With time, the market has progressed tremendously. It has led to a rise in investments in stock markets, real estate and other forms. Investing is to allow your hard-earned money to grow gradually. Before making investments in any form, one should be aware that there is always a risk of loss. But the return that is received in the end is much more in value than these risks.

Investment has become really important in today’s world. It has many advantages from saving money, its growth, saving for retirement, a secondary source of income and many more. If done with proper planning, research and at the right place, one can tackle the risk easily, and the outcome can be valuable.

There are different types of investments, and in this article, we will discuss some of the basic and vital kinds.

1       STOCKS

Stocks or shares are the most basic and famous type of investment. In this kind, one buys shares of a publicly traded corporation, which means buying some percentage of ownership. Now the investors get the right to a few fractions of the firm’s profit and asset. When the price gets high, the shares are sold to get a huge return. The stock market fluctuation is a great risk of this investment. A decline in the value of shares leads to the loss of investors.

2       BONDS

In bonds investment, the investor lends money to a company or government officials. The bonds are established to raise money for a particular agenda. Those who invest or lend the money are promised a return with interest over some time. The interest on bonds is lesser than stocks, but it also has lesser risk. These few risks are like forming bonds with a faulty company or its sudden shutdown. But all these can be avoided by doing thorough research before investing in any company.


Real estate is emerging at a rapid rate, and people find investing in them more profitable. It comprises buying residential or commercial property and generating a regular income by renting them. Another way that most people prefer is to buy the land and, after some time when its value rises, sell it to gain a higher return. Remember that the maintenance of property calls for spending a little extra money. But these upgrades and restoration of real estate help to boost up its value.

4       GOLD

Gold is becoming more expensive, and its value in the market keeps rising every day. Hence, it is a promising option to invest in. The basic way of investing in gold is buying jewellery, gold coins and gold bars. Its value keeps increasing with time to give higher returns. During the time of emergency, it can be sold easily and get the required money. Keeping gold at home is always a risk factor. So, keeping them in a bank or locker is better option.


Everyone is investing in Cryptocurrency these days.
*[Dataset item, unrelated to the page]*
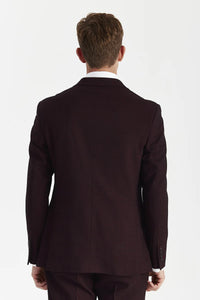 Regent - Brugundy Checked Double Breasted Blazer for Men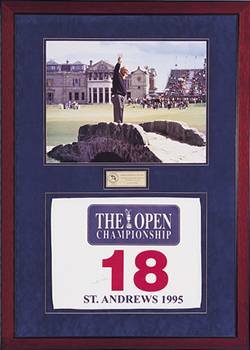 ARNOLD PALMER HAND-SIGNED 1995 BRITISH OPEN PIN FLAG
It is emerging as the most prevalent type of investment. Cryptocurrency exists only in digital form but can be drawn as cash.  It is a blockchain currency that any authority cannot govern, and its value depends totally on the market.
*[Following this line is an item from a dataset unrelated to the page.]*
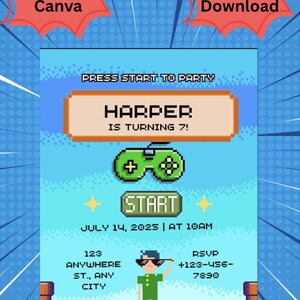 Videospiel-Geburtstagseinladung - Bearbeitbare Retro Gaming Party einladen - Canva-Vorlage - Druckbarer digitaler Download für Kinder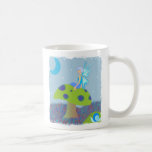 Cute Fairy Princess on Mushroom w/ Snail - Blue Coffee Mugs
Cryptocurrency is highly volatile. Bitcoins, Dogecoin, Ethereum, are the most popular ones. Some countries have made bitcoin their official tender. Crypto has a lot of potentials, and capitalizing in them is a sensible decision.


In mutual funds, many investors invest their money in any asset, stock or corporation. These funds are functioned by money managers who are professionally trained in this sector. Their work is to distribute the capital and produce profitable income for the investors.

Mutual funds allow all investors to manage their set of funds. Hence, every shareholder is equally responsible for the profit or loss. Through these funds, one can divide its capital into different markets or stocks, which leads to a lesser risk of loss.


A certificate of deposit is known to be the safest way of investment. Although the money growth is quite less, the safety and rate of return are guaranteed. Banks or consumer financial institutions offer these deposits at an interest rate. The lump-sum money is left for some fixed period of time, and after maturity, one can withdraw the money easily. If one wants to exit the deposit before its maturity, there is also an option for that.


Public Provident Fund is a scheme that comes at a high rate of interest and for a very long term. Under the Income Tax Act 80C, tax is not applicable on the interest and return earned. The tenor of this fund is of fifteen years. Before the maturity period, the withdrwl of the deposit cannot be done. one should invest every year to keep the account active. A public provident fund is the best way to stabilize your future.



Fixed deposit is the most promising way to grow your money with assured safety. For this kind of investment, one has to deposit a lump-sum amount for a tenor of their preference. Once the tenor ends, the deposited money starts gaining interest at the chose rate. After locking the investment, the deposit remains unaffected by the market. The money can be withdrawn after its maturity or periodically. Thus, fixed deposits offer the guaranteed profitable return without any risk of losing the principal.


Money market funds are quite similar to saving accounts. Almost every bank offers these funds to purchase. One can inscribe checks out of the account, thus making money market funds liquid investments. Through these liquid investments, a stable asset value is maintained.

Money Market funds are for a very short period, a maximum of one year. Hence one does not get bound to the fund. Their work is to safeguard the money for, say, retirement or any other purpose. Additional to that one to three per cent interest per year is the bonus.